▸ **ACTIVITY**: Report every line of the data that includes "home".

•••••

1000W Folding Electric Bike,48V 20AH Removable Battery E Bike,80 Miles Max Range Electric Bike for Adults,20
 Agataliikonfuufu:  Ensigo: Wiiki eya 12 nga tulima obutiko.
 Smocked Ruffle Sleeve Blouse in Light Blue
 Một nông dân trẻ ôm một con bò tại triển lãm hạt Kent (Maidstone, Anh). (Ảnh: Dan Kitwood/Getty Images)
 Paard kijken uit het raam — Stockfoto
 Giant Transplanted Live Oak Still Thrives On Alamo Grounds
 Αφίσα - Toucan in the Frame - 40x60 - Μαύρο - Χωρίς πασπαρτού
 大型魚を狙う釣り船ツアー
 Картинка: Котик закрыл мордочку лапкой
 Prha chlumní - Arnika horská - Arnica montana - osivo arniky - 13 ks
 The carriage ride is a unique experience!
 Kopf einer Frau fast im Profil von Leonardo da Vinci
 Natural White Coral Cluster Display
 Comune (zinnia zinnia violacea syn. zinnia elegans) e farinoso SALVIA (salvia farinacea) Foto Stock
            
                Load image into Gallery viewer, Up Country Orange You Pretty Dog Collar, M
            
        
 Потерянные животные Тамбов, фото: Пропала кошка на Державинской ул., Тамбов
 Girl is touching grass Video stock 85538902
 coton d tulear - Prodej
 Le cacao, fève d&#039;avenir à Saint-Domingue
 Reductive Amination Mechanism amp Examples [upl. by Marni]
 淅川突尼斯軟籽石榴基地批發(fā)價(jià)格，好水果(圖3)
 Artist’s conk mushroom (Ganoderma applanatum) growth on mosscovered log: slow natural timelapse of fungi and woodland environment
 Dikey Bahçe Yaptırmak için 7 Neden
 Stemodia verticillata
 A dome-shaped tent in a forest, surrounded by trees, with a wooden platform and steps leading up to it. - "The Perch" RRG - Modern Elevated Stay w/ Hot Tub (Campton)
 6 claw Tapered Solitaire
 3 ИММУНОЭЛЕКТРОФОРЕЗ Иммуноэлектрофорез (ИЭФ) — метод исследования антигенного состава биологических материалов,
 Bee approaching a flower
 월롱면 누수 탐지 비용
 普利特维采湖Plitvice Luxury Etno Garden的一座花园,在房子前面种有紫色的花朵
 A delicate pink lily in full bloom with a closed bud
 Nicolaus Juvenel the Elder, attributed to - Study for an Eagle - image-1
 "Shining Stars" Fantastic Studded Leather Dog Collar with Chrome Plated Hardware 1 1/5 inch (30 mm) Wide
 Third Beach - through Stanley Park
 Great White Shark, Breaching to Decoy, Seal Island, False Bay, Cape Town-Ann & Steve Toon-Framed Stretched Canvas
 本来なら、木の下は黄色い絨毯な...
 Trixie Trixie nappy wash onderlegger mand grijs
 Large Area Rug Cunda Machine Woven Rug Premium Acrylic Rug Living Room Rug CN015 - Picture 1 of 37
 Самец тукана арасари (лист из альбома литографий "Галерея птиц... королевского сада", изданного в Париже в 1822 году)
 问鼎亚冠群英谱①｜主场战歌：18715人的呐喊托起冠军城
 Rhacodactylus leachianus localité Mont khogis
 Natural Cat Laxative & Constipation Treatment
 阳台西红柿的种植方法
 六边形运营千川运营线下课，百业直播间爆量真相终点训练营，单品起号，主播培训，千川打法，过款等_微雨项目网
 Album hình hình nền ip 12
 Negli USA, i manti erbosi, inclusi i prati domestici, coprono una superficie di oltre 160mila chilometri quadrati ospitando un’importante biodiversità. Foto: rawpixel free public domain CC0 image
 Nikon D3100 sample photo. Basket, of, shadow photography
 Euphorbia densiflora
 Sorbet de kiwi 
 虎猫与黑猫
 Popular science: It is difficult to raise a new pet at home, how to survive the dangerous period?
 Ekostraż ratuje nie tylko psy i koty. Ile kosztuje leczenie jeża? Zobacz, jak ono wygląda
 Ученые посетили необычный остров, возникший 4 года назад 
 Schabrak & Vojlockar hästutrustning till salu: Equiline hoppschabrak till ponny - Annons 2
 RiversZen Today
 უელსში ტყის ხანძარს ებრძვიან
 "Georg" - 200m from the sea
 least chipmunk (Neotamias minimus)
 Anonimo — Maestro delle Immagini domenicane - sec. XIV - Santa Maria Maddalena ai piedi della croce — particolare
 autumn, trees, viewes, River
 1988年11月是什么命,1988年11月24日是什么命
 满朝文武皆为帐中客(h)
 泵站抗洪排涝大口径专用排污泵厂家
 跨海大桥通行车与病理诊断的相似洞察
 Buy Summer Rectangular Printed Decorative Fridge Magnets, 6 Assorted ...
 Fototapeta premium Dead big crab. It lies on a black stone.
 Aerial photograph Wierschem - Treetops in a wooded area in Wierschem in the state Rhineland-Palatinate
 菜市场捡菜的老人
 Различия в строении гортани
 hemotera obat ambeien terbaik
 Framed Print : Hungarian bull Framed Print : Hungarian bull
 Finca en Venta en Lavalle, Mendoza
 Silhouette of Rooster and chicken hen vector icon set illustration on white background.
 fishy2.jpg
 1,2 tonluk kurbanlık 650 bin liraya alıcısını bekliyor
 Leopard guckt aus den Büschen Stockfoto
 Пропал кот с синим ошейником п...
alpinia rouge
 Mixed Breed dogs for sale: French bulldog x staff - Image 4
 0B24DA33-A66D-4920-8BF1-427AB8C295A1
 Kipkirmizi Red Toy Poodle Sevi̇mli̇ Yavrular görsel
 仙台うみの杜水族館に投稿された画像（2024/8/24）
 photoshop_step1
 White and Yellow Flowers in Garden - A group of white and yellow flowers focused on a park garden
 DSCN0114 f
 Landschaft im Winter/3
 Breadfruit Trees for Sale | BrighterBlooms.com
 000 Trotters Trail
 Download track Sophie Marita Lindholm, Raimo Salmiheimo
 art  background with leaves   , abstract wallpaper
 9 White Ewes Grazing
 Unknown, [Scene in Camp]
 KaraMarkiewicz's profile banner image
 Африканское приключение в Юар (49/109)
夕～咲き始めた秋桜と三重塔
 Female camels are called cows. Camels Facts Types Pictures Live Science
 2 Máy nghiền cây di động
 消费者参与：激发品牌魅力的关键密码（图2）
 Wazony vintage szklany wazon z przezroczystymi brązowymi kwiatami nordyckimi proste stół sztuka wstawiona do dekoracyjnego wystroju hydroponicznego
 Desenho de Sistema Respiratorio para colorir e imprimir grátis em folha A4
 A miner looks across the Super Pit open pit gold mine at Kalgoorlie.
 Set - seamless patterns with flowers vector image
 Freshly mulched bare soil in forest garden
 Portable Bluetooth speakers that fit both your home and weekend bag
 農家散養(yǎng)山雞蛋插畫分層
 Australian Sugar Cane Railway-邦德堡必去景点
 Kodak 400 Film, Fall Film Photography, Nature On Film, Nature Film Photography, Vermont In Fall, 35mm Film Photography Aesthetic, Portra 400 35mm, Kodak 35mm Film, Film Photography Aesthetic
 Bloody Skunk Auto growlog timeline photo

•••••

▸ **RESPONSE BELOW**:
 Popular science: It is difficult to raise a new pet at home, how to survive the dangerous period?
 Portable Bluetooth speakers that fit both your home and weekend bag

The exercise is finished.